Finally, there was no discretionary lapse in setting the effective date of the retroactive alimony adjustment. The initial alimony amount had been fixed based upon the evidence then available and developed; the reduced amount followed from expanded showings based on updated information. Each ruling was correct at the time articulated in the sense of being based on the showings made to the date of decision; the alimony reduction ordered essentially paralleled the diminution of income by reason of reduced overtime as shown in the plenary hearing.

For the foregoing reasons, we affirm those provisions of the order under review dealing with plaintiff's alimony obligations.

In the remaining issue raised on appeal, plaintiff contends that "[t]he court's determination that defendant is entitled to a one-half share of plaintiff's Tier II pension through his employer . . . by qualified domestic relations order at the time of pay status pursuant to the Miller decision is improper." Regarding equitable distribution of his pension rights, plaintiff had moved the trial court to "reconsider the dual judgment of divorce with respect to awarding defendant any portion of plaintiff's Tier II benefit under the Railroad Retirement Act." The judgment of divorce provides:

3. The plaintiff is also the owner of a Tier II pension through his employer, New Jersey Transit. A qualified domestic relations order shall be entered by which the defendant/counterclaimant shall receive her one-half share . . . from the amount of the benefit at [the] time [the pension] enters into pay status, pursuant to the Miller decision."

In ruling on the motion to reconsider the pension distribution, the judge declined to modify the judgment of divorce in that respect, but provided in the order under appeal:

4. If there are additional benefits available for distribution associated with Tier [II] or any other supplemental benefits, 50% of these sums which were acquired during the marriage [are] to be calculated and distributed in accordance with Miller and in compliance with the Code of Federal Regulations.

In his oral disposition of this aspect of the motion for reconsideration, the judge stated:

The other issue that was raised is the tier situation, which, quite frankly, was not clear by anybody, and I don't think it makes any difference.

I made a determination about the equitable distribution of his retirement benefits when they go into pay status. My ruling is that I'm not changing that. If, in fact, there is additional monies as a result of Tier 2 or supplemental, the same ruling applies. However, it's conditioned upon compliance with federal law, and I'm going to require that any orders are in compliance with the government Form G-177D-1187 or updated.

You're invited to [sic] Paragraphs 2, 3, and several subparagraphs, and a model paragraph of the decree is on Page 5 in the back. And you are directed in here to look at the CFRs that deal precisely with divorced parents —— divorced railroad employee spouses as to what they may or may not get. The only difference in the order is, under Miller, whatever percentage she's entitled to is when it goes to pay status, as I've ruled before.

Now whether there is a difference or not a difference or if he gets a supplemental or he doesn't get a supplemental, to me is only a question of whether the benefits are given. If the benefits are there, they're there.

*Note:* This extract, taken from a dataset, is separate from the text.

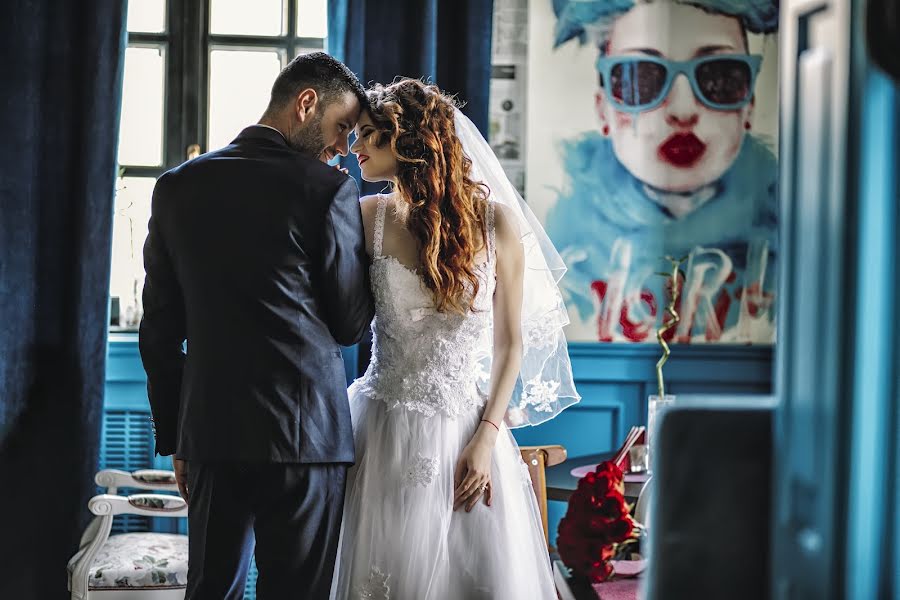 Fotografo di matrimoni Razvan Velev (artheart). Foto del 18 maggio 2017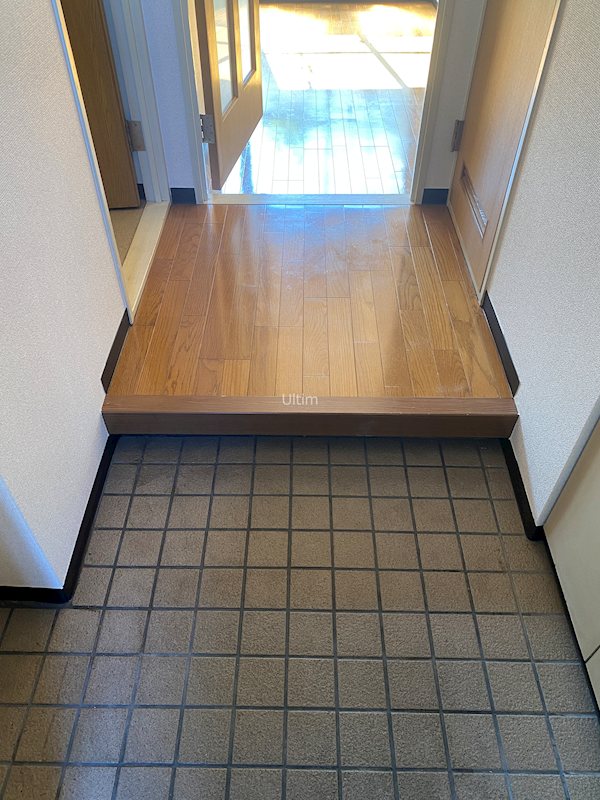 ランブラス西院 玄関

I am not sure that this is not controlled entirely by federal law because, apparently, there was a Supreme Court case that said, under no circumstances could any state court issue any order. That's been changed now by federal law. But the Code of Federal Regulations, which I'm going to mark as Court's Exhibit C-1, seems to set forth the areas counsel should look to and the language that counsel should use.

And I just want to make it clear that if federal law prohibits the proposed invasion, if we can call it an invasion, or payment of Tier 2 or the supplemental, so be it. I can't do this.

But there seemed to be great confusion as to whether this was any different than just a different name. If it isn't, the real question here is: Is there benefits paid by it? If there isn't, a percentage of zero is zero. I just want to make sure that if it is paid, she gets her share for the time that was accumulated during coverture, and we went through that in the main decree. But here it is a rather clear road map as to what she's entitled to.

Now, in addition, in looking at —— for which I'm not making a ruling, but, in addition, I notice there are separate benefits that apparently can be paid to a divorced spouse with a number of conditions that are not related to equitable distribution-type in other sections. So someone ought to take a look at that because she may be entitled to some other railroad benefit. And it has a host of prerequisites that may not be —— may not make her eligible.

In so ruling, the judge did not dispose correctly or adequately of the issues raised.

To begin with, incorporation of the standards of Miller was impermissible. Miller v. Miller was a case previously disposed of by the very same judge in an unpublished opinion. It involved issues bearing upon the distribution of pension rights not yet in pay status. The judge had ruled on the question, dealing with the conceptual issues involved in his unpublished written opinion. He entered an order establishing the framework for distributing the pension benefits and requiring that the plaintiff "submit an appropriate conforming equitable distribution order (CEDRO) in accordance with this opinion." No such order had been entered, however. On the pension-holder's appeal, we held, also in an unpublished opinion:

The order of January 14, 1997 is not a final disposition of the matter at issue. To the extent the opinion on which it is based articulates a basic standard to be used in determining the respective parties' equitable distribution interests in a pension that is not yet in pay status, there has been no resolution, by entry of a CEDRO or otherwise, of how the very pension at issue is to be distributed. There has been no particularized application of the standards embodied in the opinion, including coverture fraction principles, and no discriminating determination of the extent to which considerations relating to active/passive growth affect the parties' rights in this case. Without an order establishing the effect upon the parties of the standards articulated in the January 24, 1997 opinion, emanating from whatever further proofs, if any, the trial court may determine the parties are entitled to present, the order appealed from must be seen as interlocutory. See R. 2:2-3; R. 2:5-6.

We accordingly dismissed the appeal.

This appeal has many of the same deficiencies we noted in Miller. Essential issues were left unaddressed, including that the trial court did not establish the parties' respective fractional shares in the pension or a formula for calculating them. Thus, a CEDRO or other order directing the distribution of the pension could not be prepared here, either.

Moreover, it was manifestly incorrect for the trial judge to cite his unpublished opinion in Miller as authority, see R. 1:36-3, let alone to rely upon its principles as dispositive of the issues in this case. The prohibition in R. 1:36-3 against using unpublished opinions as precedent applies to the deciding court's own opinions as well as those of other tribunals.

In order for this matter to be fully disposed of, it will be necessary for the trial court to resolve all issues bearing upon the parties' respective entitlements to the pension, including any special considerations arising from federal law and taking fully into consideration prevailing principles of State law as established by statute, see N.J.S.A. 2A:34-23h; -23.1, and in authoritative caselaw, see, e.g., Moore v. Moore, 114 N.J. 147 (1989); Hayden v. Hayden, 284 N.J. Super. 418 (App. Div. 1995); see also Menake v. Menake, ___ N.J. Super. ___ (App. Div. 2002); Reinbold v. Reinbold, 311 N.J. Super. 460 (App. Div. 1998).

The trial court's disposition of the alimony issues is affirmed. As to the pension distribution issues, the appeal is dismissed as interlocutory and the matter is remanded to the trial court for further reconsideration and fuller disposition.